Why the Middle Is the Danger Zone
Leaders love big ideas and fresh beginnings. But in the long slog of execution—what Azzarello calls the Middle—motivation wanes, priorities blur, and the day-to-day grind takes over. Azzarello likens it to signing up for a gym membership full of enthusiasm, then never showing up after the first week. The Middle is the abyss between excitement and exhaustion. This is where good intentions stall, and where most strategies die of neglect rather than bad design.
The antidote is to make the Middle visible and measurable. Leaders must avoid dumping aspirational goals (“become the market leader”) on their teams and instead define specific milestones, control points, and timelines. For example, one of her clients broke a vague goal like “sell higher in the organization” into actions: identify target accounts within one month, train reps within two months, and secure ten new executive relationships by quarter’s end. By turning intentions into concrete checkpoints, you give the organization visible signs of progress and restore belief.
Execution Is a Leadership Act
Azzarello’s central argument challenges a pervasive myth: that “execution is beneath leaders.” Too many executives think their job ends once they announce direction. She insists that if you’re not actively managing execution—clarifying outcomes, enforcing consequences, moving resources—you’re not leading at all. Execution is not micromanagement; it’s leadership by focus and follow-through. This echoes Peter Drucker’s belief that “what gets measured gets managed,” though Azzarello adds a crucial dimension: what gets discussed gets done.

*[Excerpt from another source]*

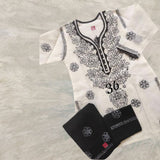Cotton voil Chikankari kurti sets for girls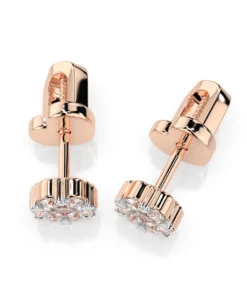 Illusion Earring (Round), 0.03 ct — 102-10015(2.0) - Image 8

The Stakes: Strategy Without Execution = Talking
Throughout the book, Azzarello hammers home her opening line: strategic failure often comes down to the gap between decision and delivery. Transformations stall when leaders avoid conflict, skip resource reallocations, or fail to maintain accountability once deadlines slip. In one story, she describes executives who missed key dates and then acted like nothing happened—an error she calls “not addressing the miss.” The cost of silence is cultural: when nothing happens after a failure, everyone learns that deadlines don’t matter, and motivation collapses.

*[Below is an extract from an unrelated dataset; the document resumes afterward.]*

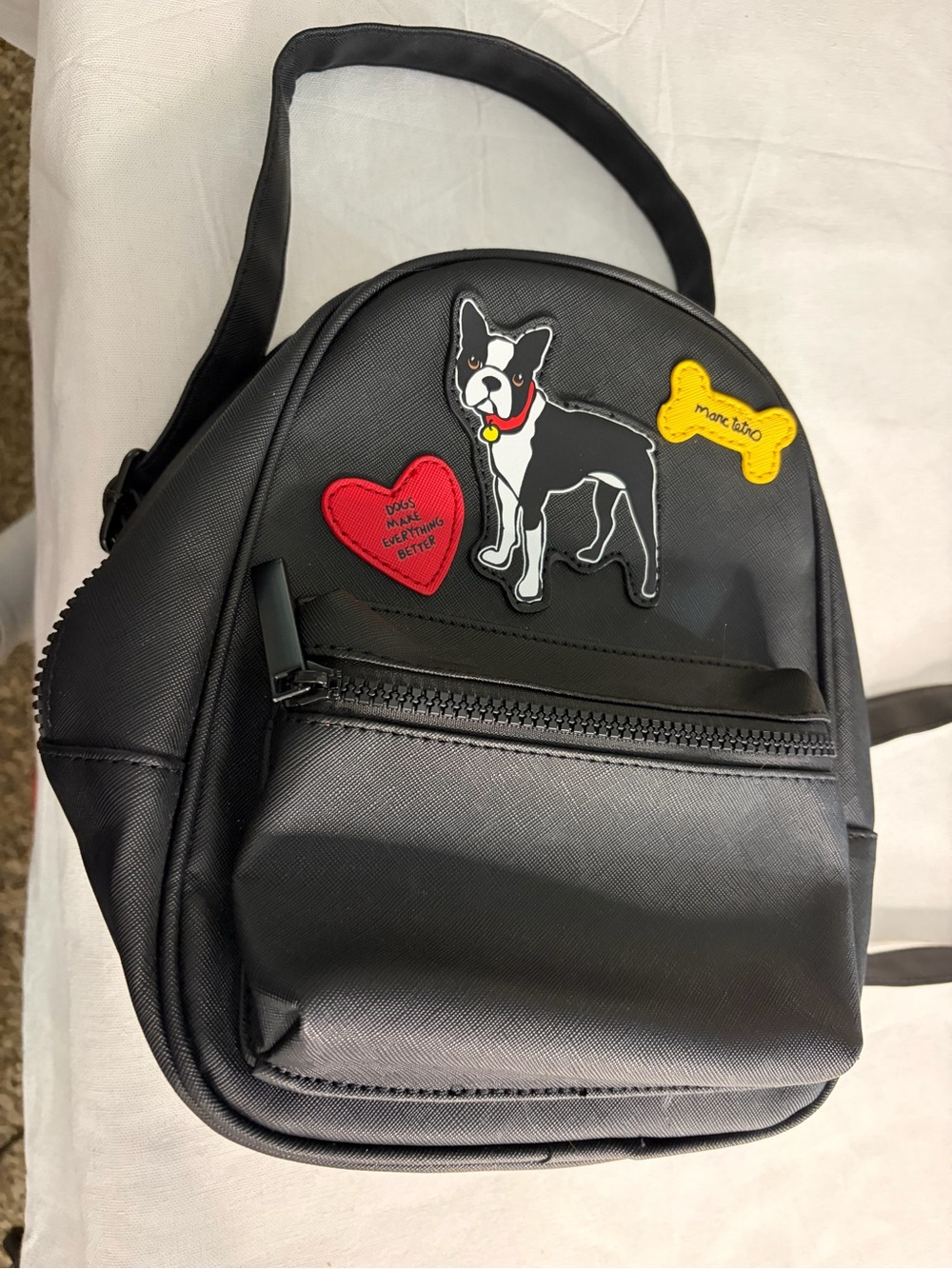 Marc Tetro Mini Backpack Boston Terrier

Her cure is a blend of systems and psychology. Build habits of visible tracking, regular check-ins, and consequences that restore credibility. Develop “ruthless priorities” so that routine fires don’t derail strategic work. And cultivate Valor—the steadiness to keep steering through the long Middle without yielding to fear, fatigue, or doubt. By embedding discipline into conversation and culture, leaders shift from strategic tourism (“we talked about that once”) to organizational movement.
Beyond the Model: Culture and Human Connection
Later chapters expand the model’s human side. Azzarello’s message is not about spreadsheets or checklists—it’s about people. She shows that transformation thrives on trust, consistency, and meaning. In chapters like “Getting People to Actually Care,” “Listen on Purpose,” and “Power and Trust,” she ties execution back to emotion: people move mountains when they feel respected, included, and confident that their contributions matter. Drawing from psychology and her own leadership stories, Azzarello positions communication, recognition, and integrity as strategic tools. The result is a deeply practical handbook for leaders who want to replace empty talk with lasting movement.